TheHydroImpulse · on May 26, 2016

Rc is scoped to a single thread, so it'll be, at worst, stop-the-thread.

kibwen · on May 26, 2016

Not the OP, but in my experience it's fairly rare to encounter someone using the `Rc` type in Rust. It's nowhere near as prevalent as `shared_ptr` seems to be in C++, for example.

pimeys · on May 26, 2016

There is also the `Arc` type, which is an atomic reference counter. You still need those, especially if you need to share stuff between multiple threads.

Jweb_Guru · on May 27, 2016

You can often get away with using scoped threads.

pimeys · on May 26, 2016

This is a good article about different wrapper types in Rust http://manishearth.github.io/blog/2015/05/27/wrapper-types-i...

vvanders · on May 26, 2016

Yeah, a lot of that has to do with the borrow checker guiding you towards single-ownership designs with is a good thing(tm).

Matthias247 · on May 26, 2016

I played a little bit around with Go currently, and thereby ported a part of an older application for which I already have C++, C#, Java and other implementations and benchmarks to compare them.

My current results is that Go performance can be really good (C++ level) if I try to avoid allocations as much as possible. With a more sloppy implementation that e.g. did not reuse buffer objects ([]byte) between multiple network packets the performance dropped significantly to about 1/3 of the C++ implementation, and the GC time dominated.

Fortunatly it's quite easy to avoid garbage in Go, as we have value types there and the synchronous programming style means lots of stuff can be put on the stack and there's not so much gargabe due to captured objects in closures and similar stuff. All in all I'm quite confident that with a mediocre amount of optimization Go can be suitable for lots of application types. Although I would not necessarily try to use it for low-latency audio processing if something else (that produces garbage) is running in the same process.

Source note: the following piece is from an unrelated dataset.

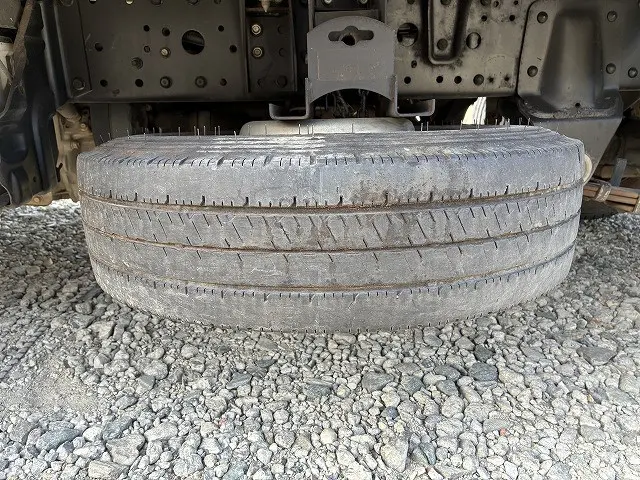 三菱 キャンターガッツ PDG-FB70B(2WD)の写真37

dorfsmay · on May 27, 2016

If you're going to work at that low a level, what are the advantages of golang over rust?

lmm · on May 26, 2016

Is the JVM overhead really significant these days? You're talking about wasting what, maybe 32MB for each instance? (which can have multiple threads, you don't need one per core). Is your RAM really so limited that you'd run out of RAM before maxing out all your CPUs or I/O in a Scala version?

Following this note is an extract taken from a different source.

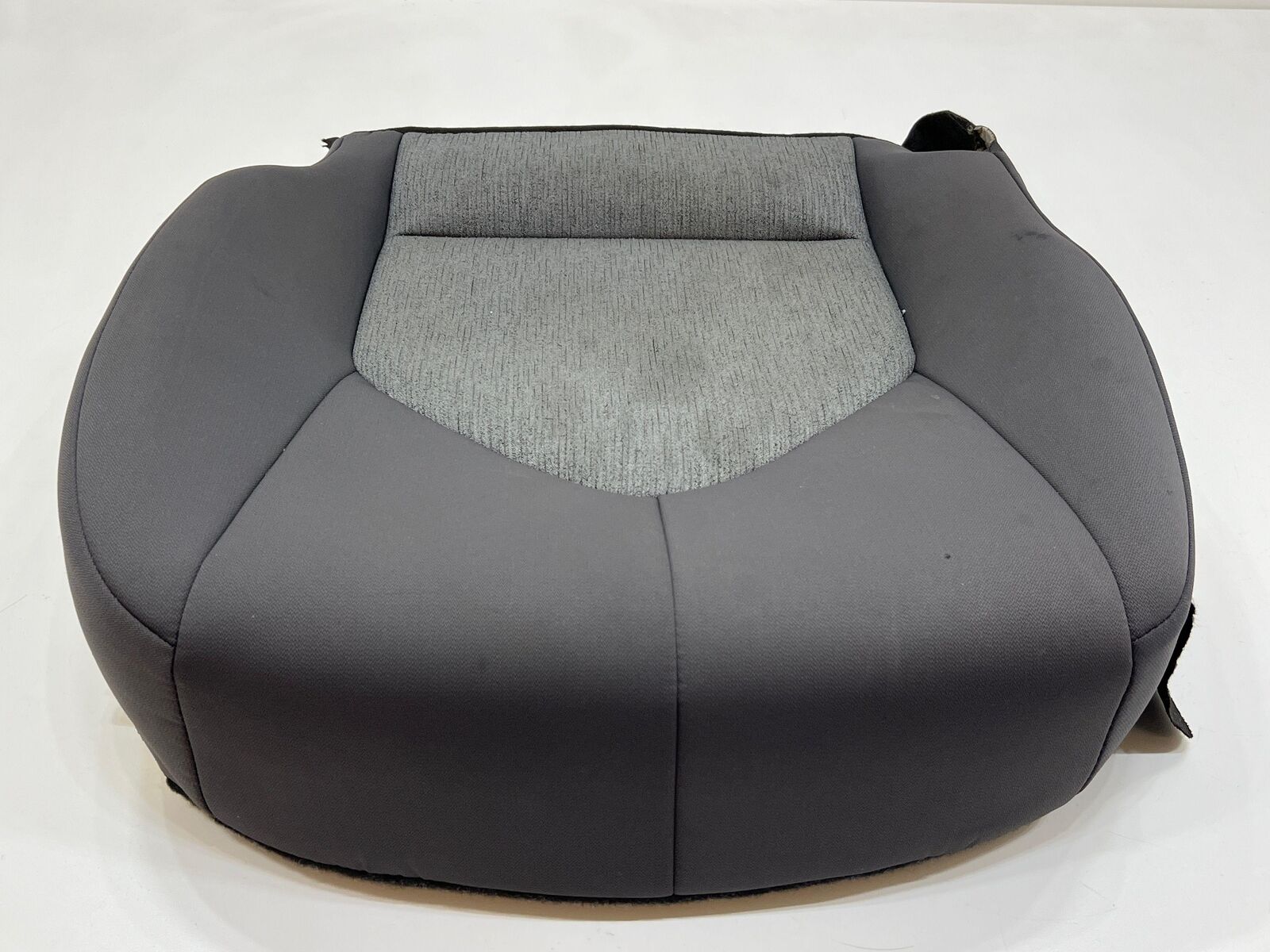 2020 - 2024 TOYOTA CAMRY FRONT RIGHT SIDE SEAT LOWER CUSHION COVER OEM GRAY_FA10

(I am kind of interested in Rust, but not going to touch it until it gets proper HKT support - you have to duplicate so much code otherwise)

pimeys · on May 26, 2016

It is a lot, when we need to scale by adding more Mesos tasks. Every task launches a new JVM instance, which adds to the total memory usage. Also by using a GC and not wanting to collect all the time, you need to add more memory overhead, which is not required with Rust.

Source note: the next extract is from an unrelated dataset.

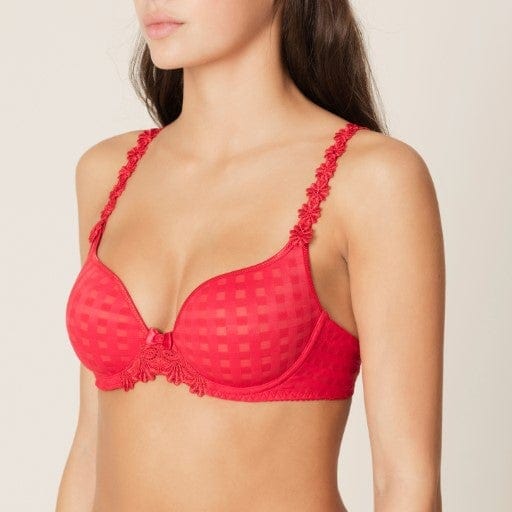 //www.esterella.nl/cdn/shop/products/AveroVoorgevormdeBeugelBh0100416Scarlet__2_600x600.jpeg?v=1643296336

Comparison: I have one app written with Scala and consuming 350 megabytes per Mesos task. The similar-sized Rust app is using 8-10 megabytes of RAM. When you have 1000 instances running during a peak, this escalates fast.

lmm · on May 27, 2016

A bit odd to be running a VM on a VM. Did you consider using a Java "application server" or similar that can keep a VM running and run tasks within that?

reality_hacker · on May 26, 2016

So, for jvm you create less tasks but with more ram, e.g. 100 tasks 4G RAM each, and problem is solved?

pimeys · on May 27, 2016

Having more of the smaller tasks spreads out the load more evenly and when rust apps starts in less than a second, it's easy to fine tune and reason about having more tasks running. With JVM, we just waste memory because of the overhead from GC, and I don't feel comfortable with the idea.

fn1 · on June 1, 2016

Why would you need to start up an additional JVM for every task. Can't one JVM run multiple tasks?

gdw2 · on June 1, 2016

The mention of Mesos may imply that each instance would be a separate container.

webscalist · on May 26, 2016

link to source code? want to see what 2-weeks old rust programmer writes and how feasible it is to train our team

pimeys · on May 26, 2016

Nothing open source yet. I might take the metrics system out and publish it on Github when I've used it in another service and it is a bit more generalized.